***** Source records
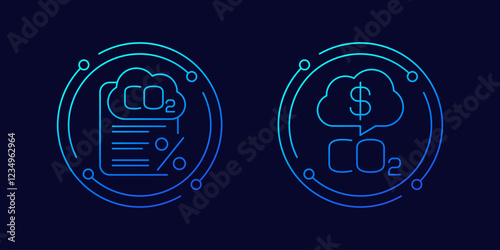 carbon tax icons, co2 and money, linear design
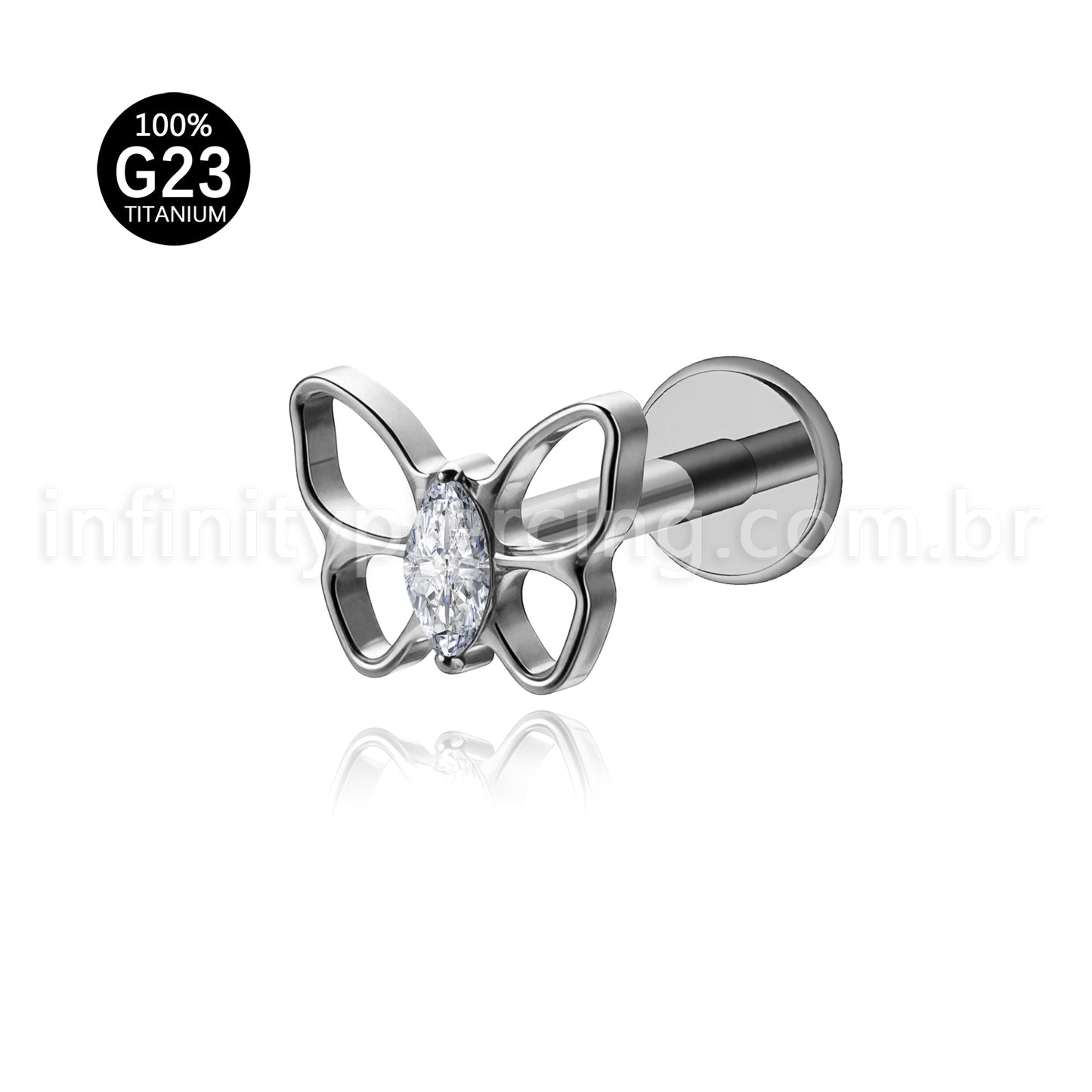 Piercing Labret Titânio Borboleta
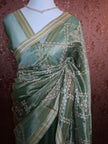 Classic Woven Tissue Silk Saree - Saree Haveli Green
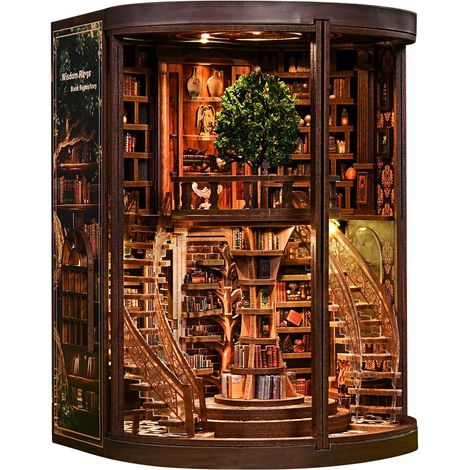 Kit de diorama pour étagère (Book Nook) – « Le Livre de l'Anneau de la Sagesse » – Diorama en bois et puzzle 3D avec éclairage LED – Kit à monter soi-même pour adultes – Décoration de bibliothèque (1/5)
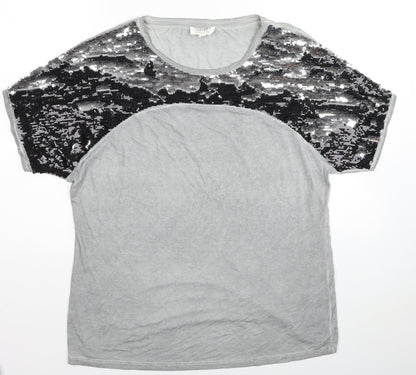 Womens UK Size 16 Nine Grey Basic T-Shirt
**********
***** Source records
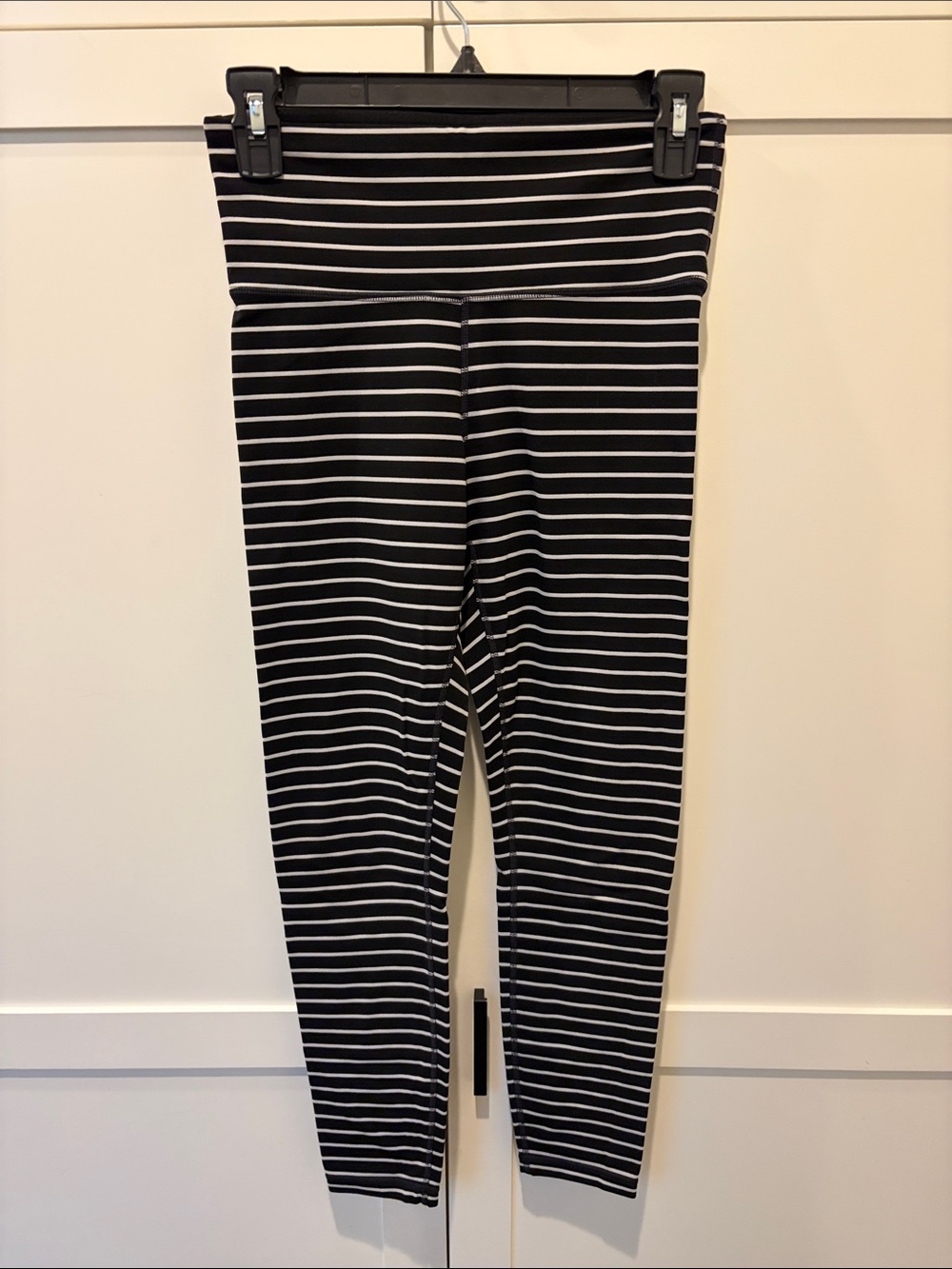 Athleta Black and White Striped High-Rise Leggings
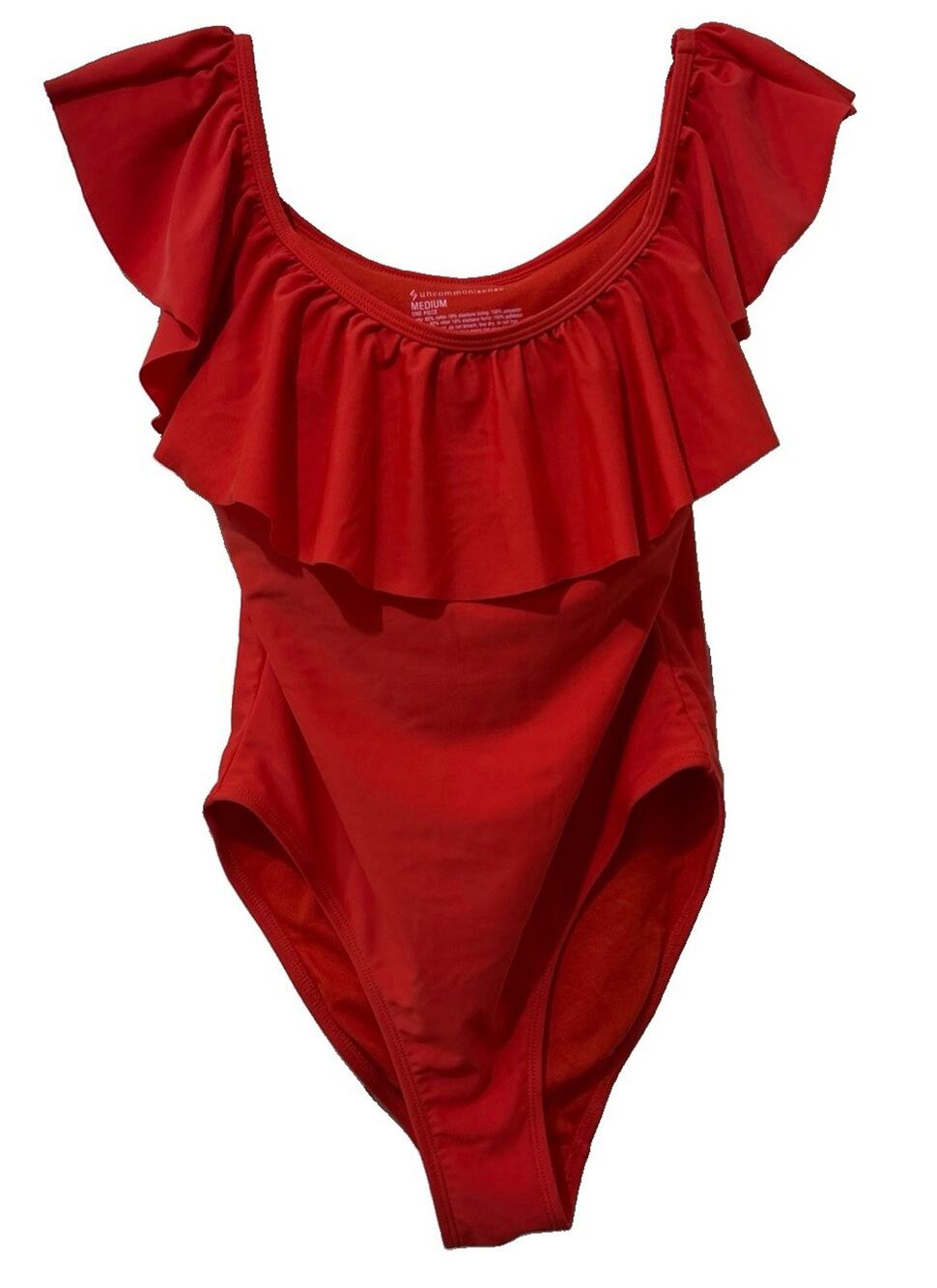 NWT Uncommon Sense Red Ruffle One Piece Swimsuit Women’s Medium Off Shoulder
**********
***** Source records
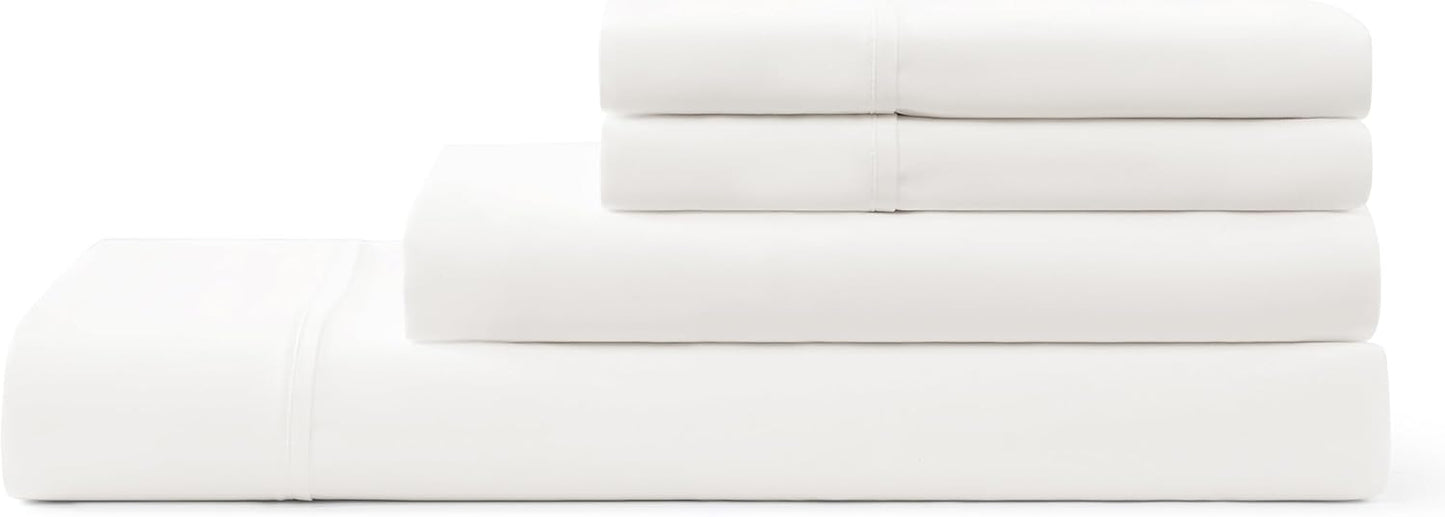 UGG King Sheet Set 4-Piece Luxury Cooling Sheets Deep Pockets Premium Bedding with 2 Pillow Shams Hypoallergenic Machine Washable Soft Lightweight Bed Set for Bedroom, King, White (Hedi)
**********
:: Task ::
Within the entries above, give again exactly the lines starting at the one that contains "Classic Woven Tissue" and ending at the one that contains "Womens UK Size 16 Nine Grey Basic T-Shirt", leaving out the pictures.

:: The completed task ::
 Classic Woven Tissue Silk Saree - Saree Haveli Green
 Kit de diorama pour étagère (Book Nook) – « Le Livre de l'Anneau de la Sagesse » – Diorama en bois et puzzle 3D avec éclairage LED – Kit à monter soi-même pour adultes – Décoration de bibliothèque (1/5)
 Womens UK Size 16 Nine Grey Basic T-Shirt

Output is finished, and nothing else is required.